*TASK ITEM*: Apart from the pictures, please restate every entry below exactly.

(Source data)

•••

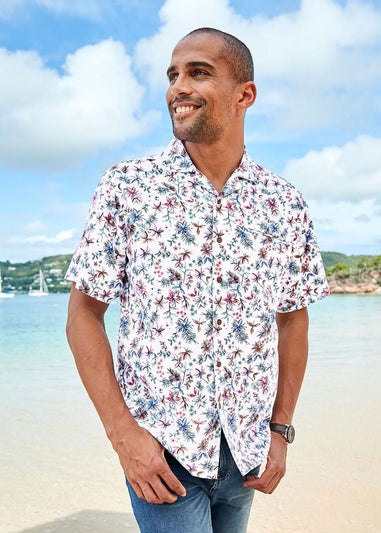 Cotton Traders White Short Sleeve Summer Print Soft Touch Print Shirt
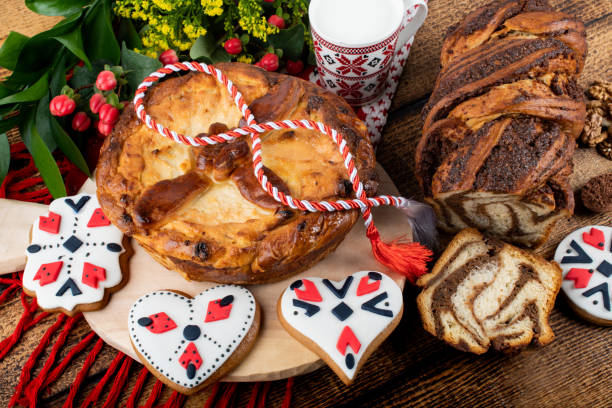istock Sweet leavened bread, traditional bulgarian and romanian 1220724256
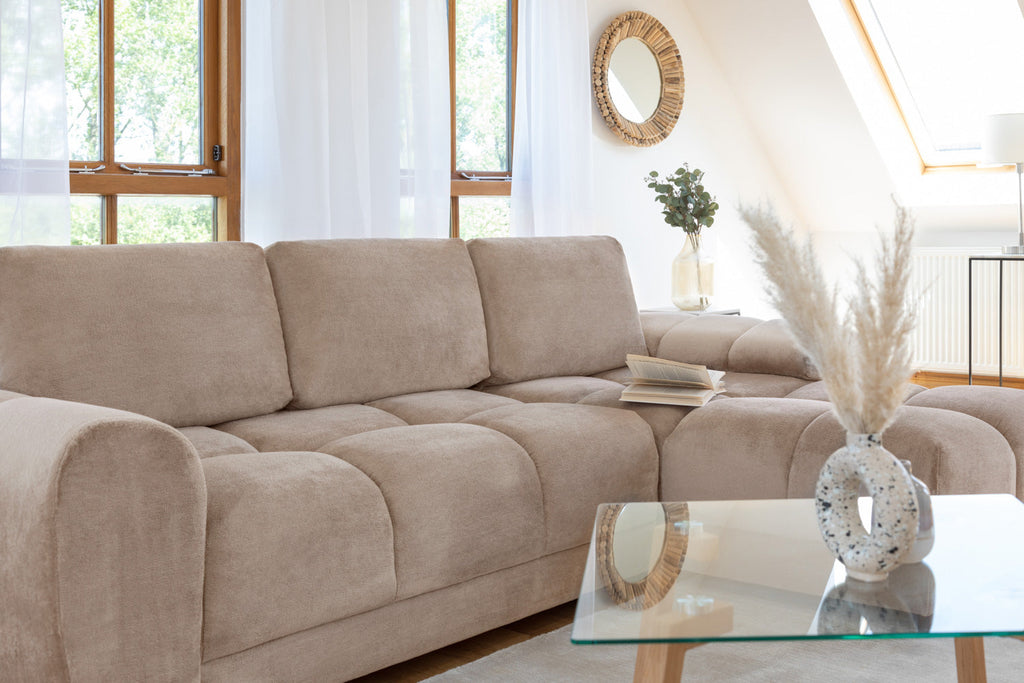 Azzuro  Universal Corner Sofabed: Plush Velvet, Convertible Sofa with Storage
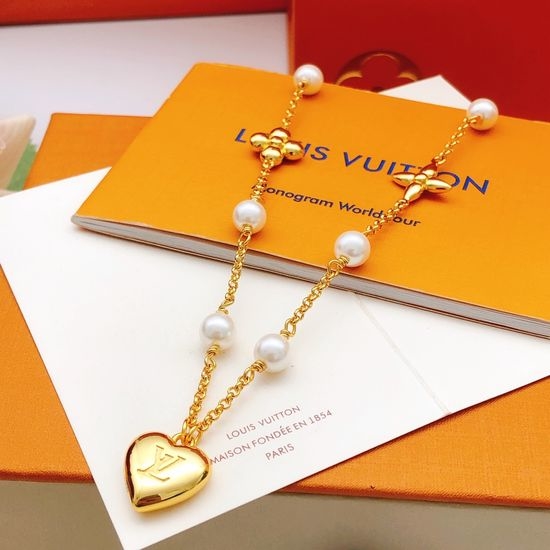 Louis Vuitton LV Heart Shape Stylish Brass Necklace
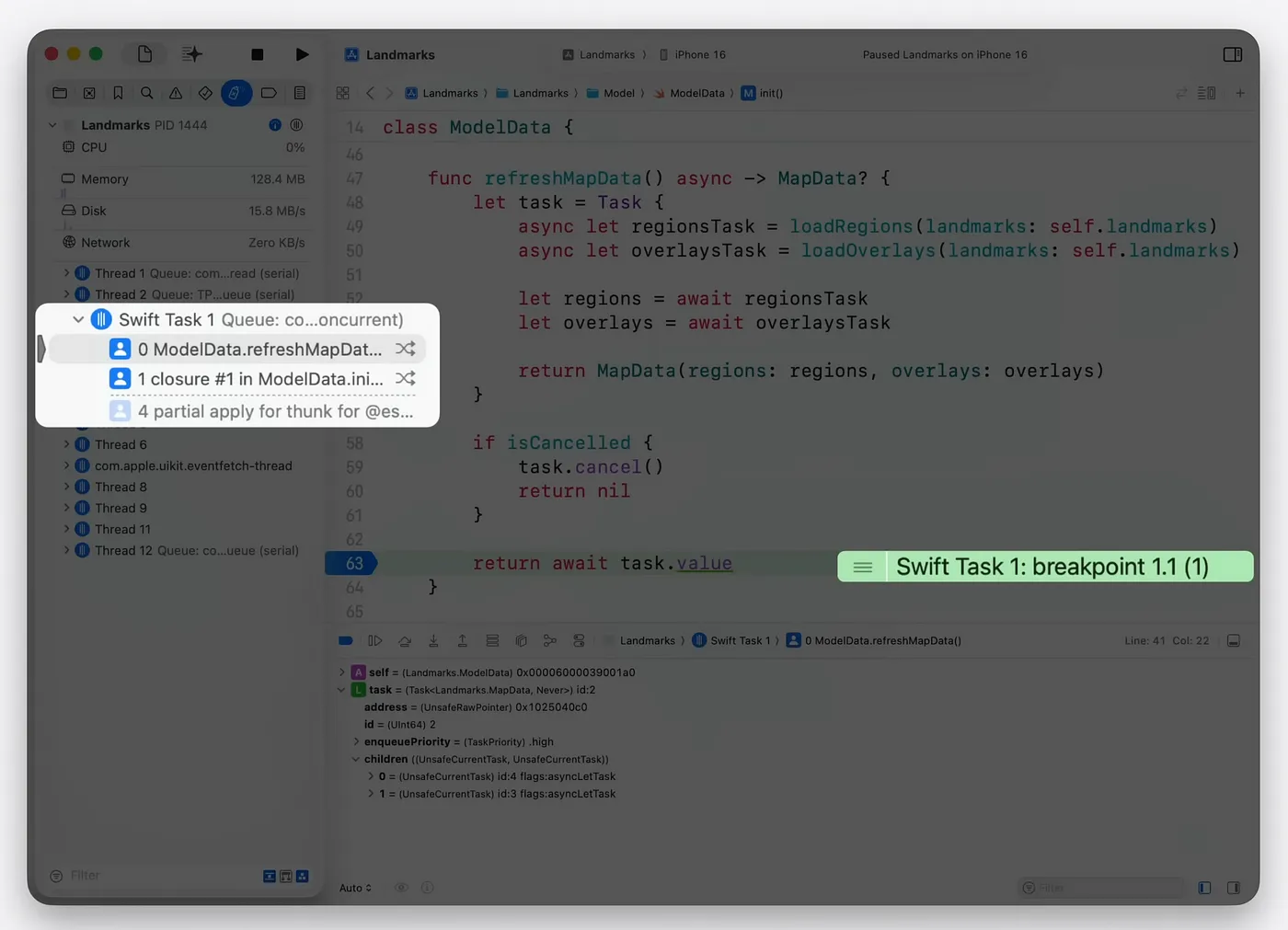 Swift Task and Program Counter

•••

*REPLY*:
 Cotton Traders White Short Sleeve Summer Print Soft Touch Print Shirt
istock Sweet leavened bread, traditional bulgarian and romanian 1220724256
 Azzuro  Universal Corner Sofabed: Plush Velvet, Convertible Sofa with Storage
 Louis Vuitton LV Heart Shape Stylish Brass Necklace
 Swift Task and Program Counter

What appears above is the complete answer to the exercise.